The Cabinet minister said the UK was happy to sign up to the terms on state aid as ratified in the EU’s deal with Canada but would not go further than that.
And he accused Brussels of “double standards” in demanding more from Britain than it had in past free trade deals.
He said: “We’ve actually got the issues boiled down to two outstanding bones of contention.
“There is a good deal there for the EU, we’d love to do that free trade agreement and if not we’ll fall back on Australian-style rules.
“I think this week is an important moment for the EU to really effectively recognise that those two point of principles are not something we can just haggle away – they are the very reasons we are leaving the EU, but we want a positive relationship and the arm of friendship and goodwill is extended.
“It is up to the EU to decide whether they want to reciprocate.”
Mr Raab said the UK was being asked to be treated fairly in the final stages of trade negotiations with the EU.
He told Sky News’ Sophy Ridge On Sunday programme: “I think it is there for the taking.
“This week the negotiations are really important and all the UK is asking for is to be treated like any other country in free trade negotiations.

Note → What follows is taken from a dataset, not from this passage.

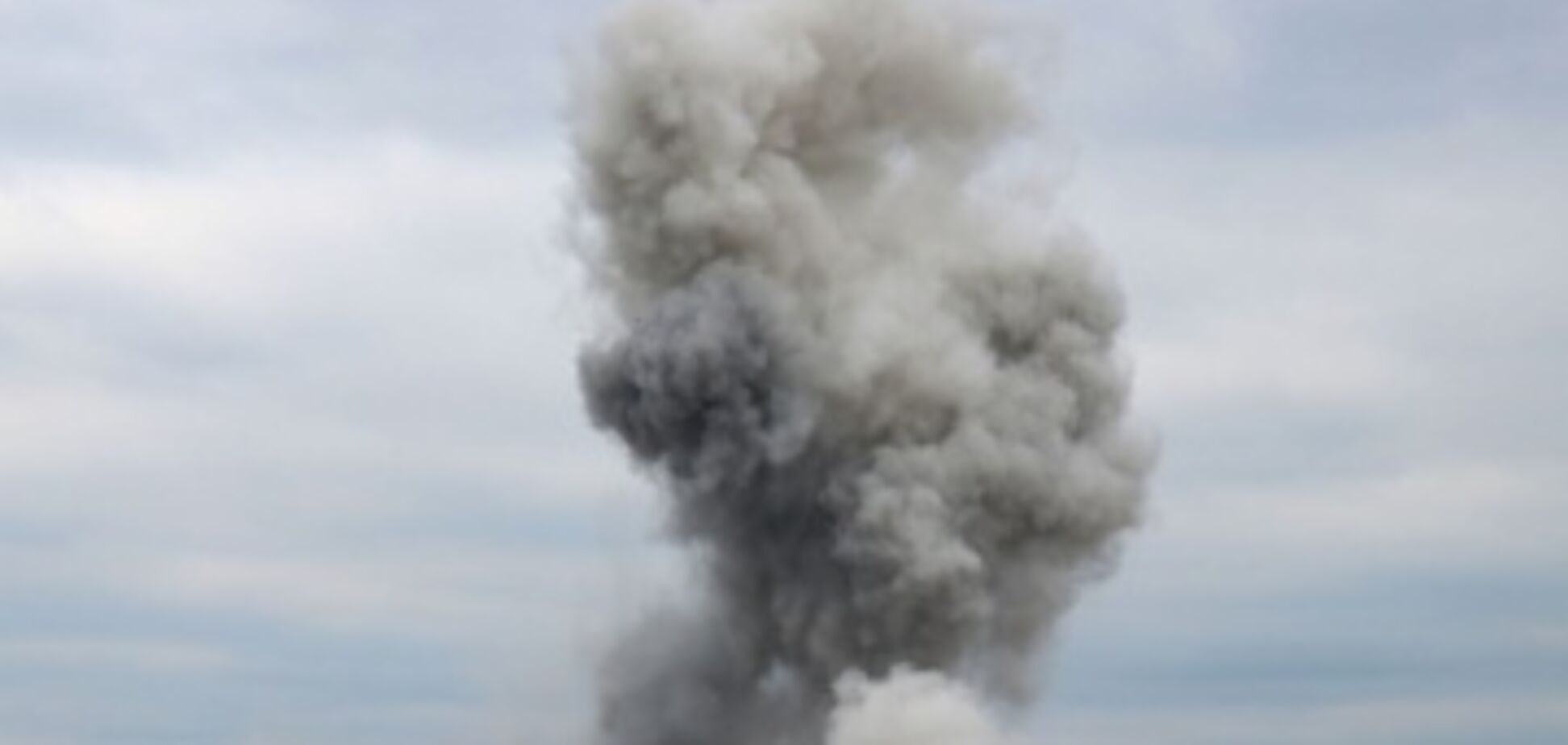 оккупанты били баллистикой: в Николаеве прогремели взрывы, есть пострадавшие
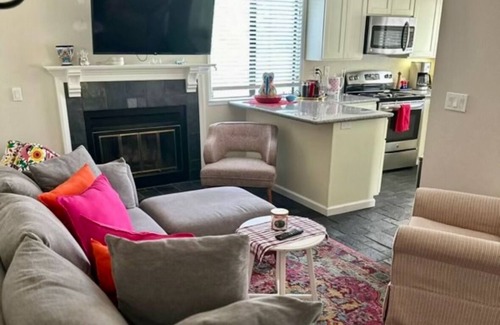 Walnut Creek House | Sun-Lit 2-Story Gem: Luxe Beds-Heated Floor-Near Shops-Dining-Fun,Great for Fams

“No other country would accept being bound by or controlled by the EU’s rules or indeed in their relations with any other country, and indeed the EU wouldn’t accept it in relation to us – I think that’s just a straightforward point of principle.”
It follows an interview with the UK’s negotiator Lord Frost in which he said the government was preparing to leave without a deal.
Leader of the Liberal Democrats Sir Ed Davey accused the government of being “reckless and risky” in its approach to trade negotiations with the European Union.
Sir Ed told Sky News’ Sophy Ridge On Sunday programme: “I do feel the Government is being very reckless and risky.
“We are in a recession now. It wasn’t foreseen when Brexit was first talked of and during the referendum and during the last election.
“This recession due to Covid, some people say, may be the worst and the deepest recession for 300 years and, in that context, the idea of a no-deal Brexit on top of the Covid recession, I think, would be a disaster for people’s jobs, for livelihoods, for businesses up and down the country.
“I thought it was very noticeable last week when businesses were saying the Government hasn’t prepared the border properly, whether it is a deal or no-deal.
“They are not ready. What has this Government being doing?”